#### Information provided
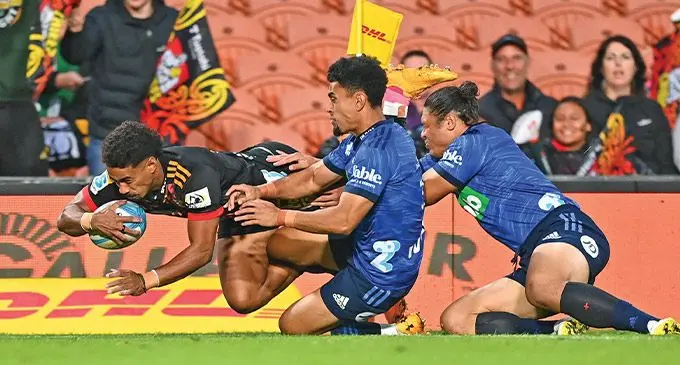 Chiefs winger Emoni Narawa beats Blues full-back Stephen Perofeta and Caleb Clarke to score the first try in the opening 26 seconds at the FMG Stadium Waikato in Hamilton, New Zealand, on April 1, 2023. Photo: Otago Daily Times.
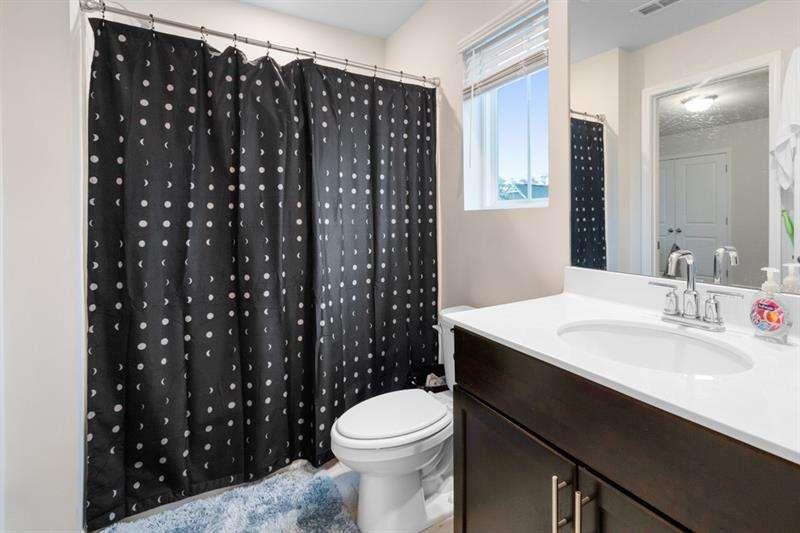 1070 Sunny Lk Drive Lawrenceville, GA 30043 - Photo 19 of 33 a bathroom with a sink a toilet a shower and a mirror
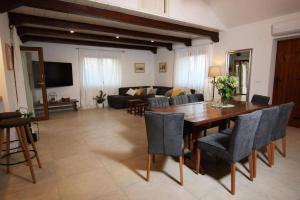 a living room with a table and chairs and a couch at Villa Amber in Supetar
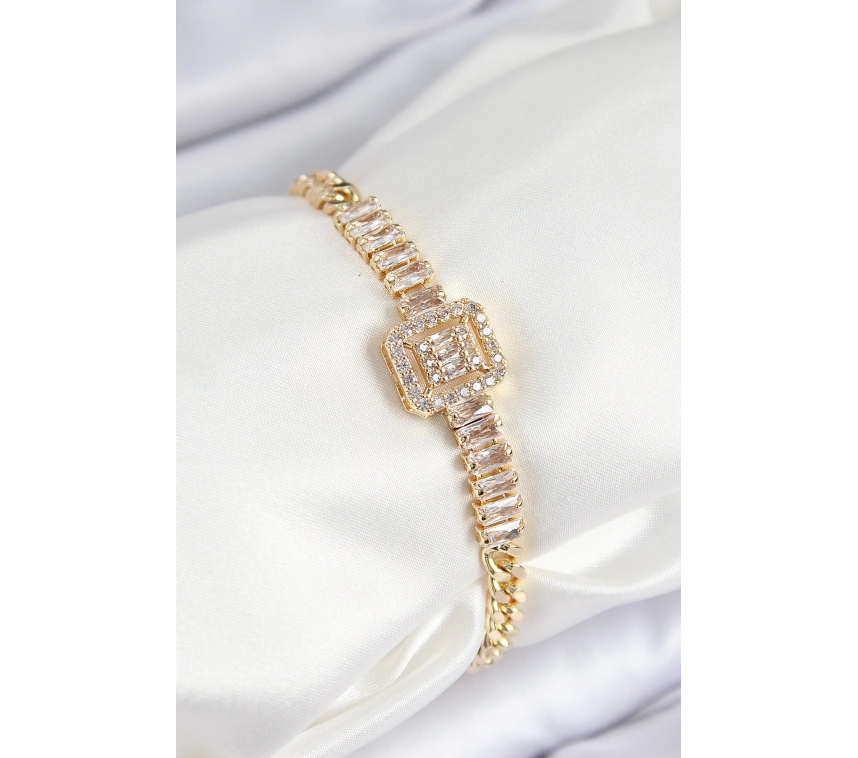 Pirinç Zirkon Taşlı Su Yolu Detaylı Baget Model Gold Renk Kadın Bileklik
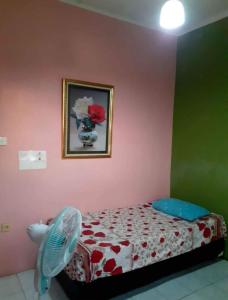 a bedroom with a bed and a fan and a picture at K77 Backpackers - Jungle Tours in Medan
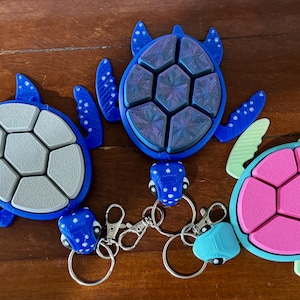 May include: Three blue and green turtle-shaped keychains with different colored shells. The shells are segmented and have a textured surface. The keychains are attached to silver key rings.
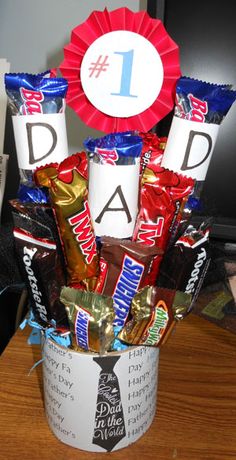 a father's day gift basket with candy, candies and an award ribbon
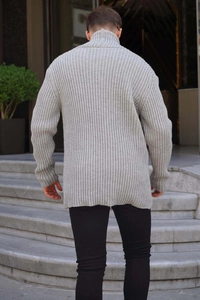 Rear view detail of men's gray knitted sweater featuring vertical ribbed texture and high neck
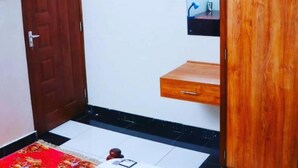 Ein Zimmer mit Holztür, einem Spiegel, einer kleinen Holzablage und einem Fliesenboden.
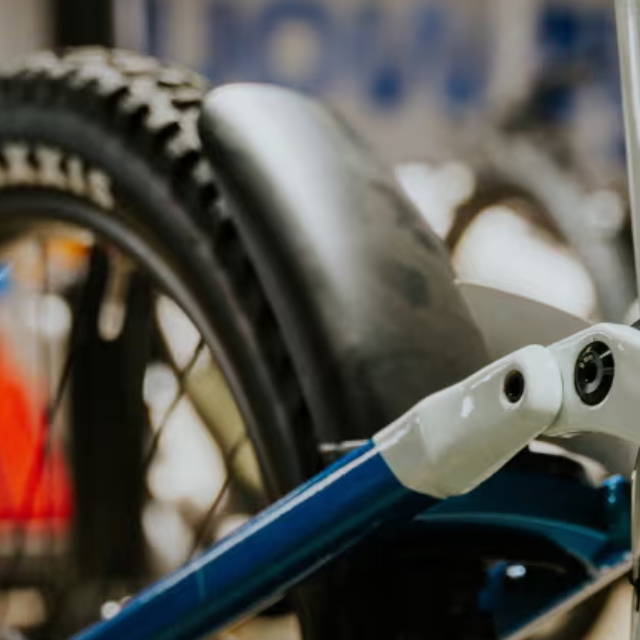 a knobby tire on a full suspension electric mountain bike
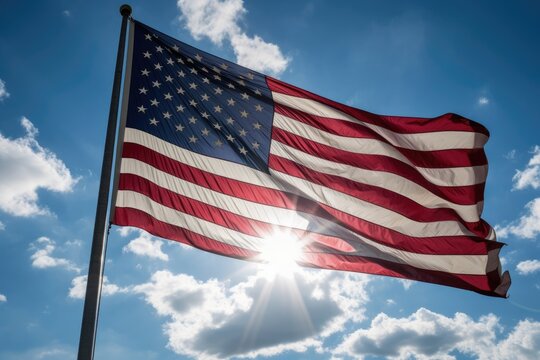 Powerful image of the American flag, blowing in the wind displayed against a clear blue sky. Generative Ai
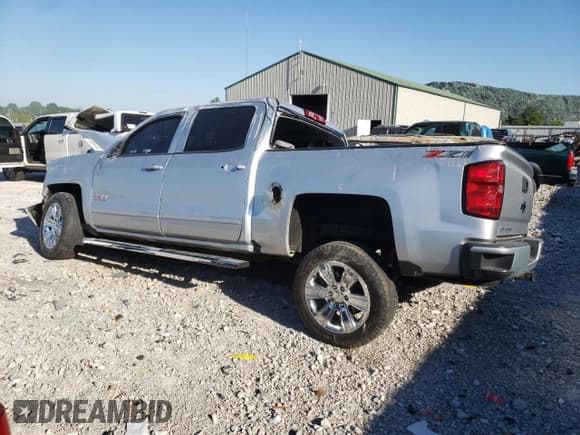 ✅ 2018 Chevrolet Silverado 1500 LT • VIN: 3GCUKREC1JG471106 • Лот: 58884434. Опубликован ранее на Copart с пробегом Не указан. Бесплатный доступ к архиву аукционных продаж из США и подробный отчёт об истории автомобиля на DreamBid. Изображение 2.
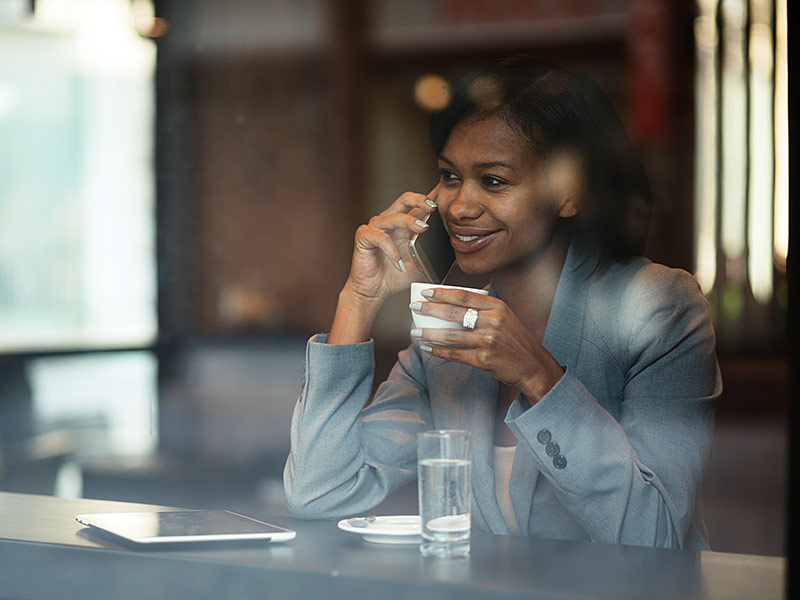 woman speaking on phone in coffee shop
########
Required action:
Could you repeat exactly the lines from the one containing "Rear view detail" to the last line of the records, both included, and leave out every picture?

Solution to the exercise:
 Rear view detail of men's gray knitted sweater featuring vertical ribbed texture and high neck
 Ein Zimmer mit Holztür, einem Spiegel, einer kleinen Holzablage und einem Fliesenboden.
 a knobby tire on a full suspension electric mountain bike
 Powerful image of the American flag, blowing in the wind displayed against a clear blue sky. Generative Ai
 ✅ 2018 Chevrolet Silverado 1500 LT • VIN: 3GCUKREC1JG471106 • Лот: 58884434. Опубликован ранее на Copart с пробегом Не указан. Бесплатный доступ к архиву аукционных продаж из США и подробный отчёт об истории автомобиля на DreamBid. Изображение 2.
 woman speaking on phone in coffee shop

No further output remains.